To help close a state budget deficit projected at $25.4 billion for the next 18 months, Brown is proposing reductions in state funding for many county programs and a realignment that would shift many state responsibilities to counties.
To help fund the new county responsibilities, Gov. Brown is seeking to hold a statewide special election in June where voters would be asked to extend for five years several tax increases enacted in 2009 that are set to expire June 30.
Knaus told board members the governor’s plan raises several concerns for counties, including uncertainty over whether the tax-hike revenue would fully cover new costs, what would happen if the voters opted not to extend the tax hikes and what additional funding would be available to counties after any voter-approved extensions of the
tax hikes expired.
In his proposed budget, Gov. Brown also proposed dissolving county and city redevelopment agencies throughout California by July 1. His plan would allow local officials to continue making payments on existing redevelopment debts and other obligations.

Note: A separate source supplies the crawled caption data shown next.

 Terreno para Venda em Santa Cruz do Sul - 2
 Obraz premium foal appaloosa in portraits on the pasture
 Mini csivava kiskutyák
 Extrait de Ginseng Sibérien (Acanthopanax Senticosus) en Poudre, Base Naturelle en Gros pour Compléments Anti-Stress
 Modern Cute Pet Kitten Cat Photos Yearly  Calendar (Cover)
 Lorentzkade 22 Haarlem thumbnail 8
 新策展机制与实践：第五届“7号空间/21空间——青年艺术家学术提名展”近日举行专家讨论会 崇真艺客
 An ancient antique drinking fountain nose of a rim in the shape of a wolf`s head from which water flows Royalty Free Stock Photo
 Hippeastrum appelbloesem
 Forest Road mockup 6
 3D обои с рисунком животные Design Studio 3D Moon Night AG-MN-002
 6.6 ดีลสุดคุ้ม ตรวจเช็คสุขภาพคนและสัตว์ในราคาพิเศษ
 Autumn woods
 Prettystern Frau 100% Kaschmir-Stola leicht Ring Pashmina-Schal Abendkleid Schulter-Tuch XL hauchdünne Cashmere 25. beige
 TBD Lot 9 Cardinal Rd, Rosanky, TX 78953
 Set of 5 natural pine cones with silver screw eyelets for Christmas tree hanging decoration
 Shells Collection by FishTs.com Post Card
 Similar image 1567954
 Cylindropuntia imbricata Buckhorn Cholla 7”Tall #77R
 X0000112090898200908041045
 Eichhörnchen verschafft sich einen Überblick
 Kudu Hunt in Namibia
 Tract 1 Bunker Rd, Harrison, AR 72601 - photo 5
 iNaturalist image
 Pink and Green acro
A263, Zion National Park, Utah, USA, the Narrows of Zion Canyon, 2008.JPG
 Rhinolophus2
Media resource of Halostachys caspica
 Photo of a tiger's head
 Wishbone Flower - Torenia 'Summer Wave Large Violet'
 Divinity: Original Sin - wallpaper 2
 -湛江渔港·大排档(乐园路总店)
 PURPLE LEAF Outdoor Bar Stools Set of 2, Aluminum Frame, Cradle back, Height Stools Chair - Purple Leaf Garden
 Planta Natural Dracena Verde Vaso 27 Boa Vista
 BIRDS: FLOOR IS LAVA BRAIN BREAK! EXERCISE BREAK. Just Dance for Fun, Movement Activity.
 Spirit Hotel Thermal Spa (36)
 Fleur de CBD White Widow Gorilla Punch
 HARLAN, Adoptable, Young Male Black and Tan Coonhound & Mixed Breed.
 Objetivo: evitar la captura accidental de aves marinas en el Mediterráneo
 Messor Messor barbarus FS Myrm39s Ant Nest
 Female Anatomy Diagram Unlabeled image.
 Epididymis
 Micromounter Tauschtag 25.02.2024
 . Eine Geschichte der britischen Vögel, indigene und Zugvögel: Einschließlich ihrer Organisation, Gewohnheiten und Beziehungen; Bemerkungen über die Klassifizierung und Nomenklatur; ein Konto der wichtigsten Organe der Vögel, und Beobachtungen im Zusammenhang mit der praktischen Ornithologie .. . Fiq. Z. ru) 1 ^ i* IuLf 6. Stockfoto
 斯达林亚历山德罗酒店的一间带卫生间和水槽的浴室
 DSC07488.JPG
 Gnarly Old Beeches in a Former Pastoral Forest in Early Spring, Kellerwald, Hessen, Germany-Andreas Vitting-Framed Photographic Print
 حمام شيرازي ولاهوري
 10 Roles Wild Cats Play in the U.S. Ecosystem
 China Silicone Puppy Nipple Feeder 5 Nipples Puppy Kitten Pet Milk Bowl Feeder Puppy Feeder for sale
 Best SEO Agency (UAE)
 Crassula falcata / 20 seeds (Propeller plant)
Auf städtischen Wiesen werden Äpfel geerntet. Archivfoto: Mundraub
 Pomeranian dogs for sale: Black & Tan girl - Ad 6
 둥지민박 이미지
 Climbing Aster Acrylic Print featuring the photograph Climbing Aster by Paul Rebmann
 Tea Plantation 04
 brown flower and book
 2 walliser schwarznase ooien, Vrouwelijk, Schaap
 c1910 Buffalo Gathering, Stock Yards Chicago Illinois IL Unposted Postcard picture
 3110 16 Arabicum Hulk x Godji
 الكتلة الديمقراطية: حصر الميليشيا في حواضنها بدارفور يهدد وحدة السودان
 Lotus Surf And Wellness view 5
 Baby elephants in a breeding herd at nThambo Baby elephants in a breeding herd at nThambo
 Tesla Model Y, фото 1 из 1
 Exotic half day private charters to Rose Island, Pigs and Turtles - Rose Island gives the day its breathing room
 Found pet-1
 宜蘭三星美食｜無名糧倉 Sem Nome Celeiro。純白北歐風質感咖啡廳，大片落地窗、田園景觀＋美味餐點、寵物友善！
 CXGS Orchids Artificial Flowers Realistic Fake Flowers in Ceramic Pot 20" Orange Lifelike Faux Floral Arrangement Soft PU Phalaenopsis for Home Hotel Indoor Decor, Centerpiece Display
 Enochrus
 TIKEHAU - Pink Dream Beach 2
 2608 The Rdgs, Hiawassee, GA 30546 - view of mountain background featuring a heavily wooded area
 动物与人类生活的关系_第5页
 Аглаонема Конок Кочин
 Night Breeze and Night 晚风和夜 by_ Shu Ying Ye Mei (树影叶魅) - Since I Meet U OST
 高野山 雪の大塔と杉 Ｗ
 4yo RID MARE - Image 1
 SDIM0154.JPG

At Tuesday’s meeting, the board voted unanimously to approve a resolution aimed at ensuring Placer County will be able to spend $18.4 million on already-budgeted redevelopment projects if the state moves to eliminate redevelopment agencies.
The resolution would not fast track any of the Placer County Redevelopment Agency’s projects and programs, and is consistent with the governor’s proposal.
County Executive Officer Thomas M. Miller and county Deputy Redevelopment Director James LoBue told the board the county is simply seeking to ensure it can complete near-term projects.
“None of these are new projects or programs,” LoBue said. “We’ve been working on them for years.”
The purpose of the resolution is to formally document the agency’s existing commitments and to establish a cooperative agreement that would put Placer County in a better position to spend the $18.4 million on already-approved projects and programs even if the state dissolves the Redevelopment Agency.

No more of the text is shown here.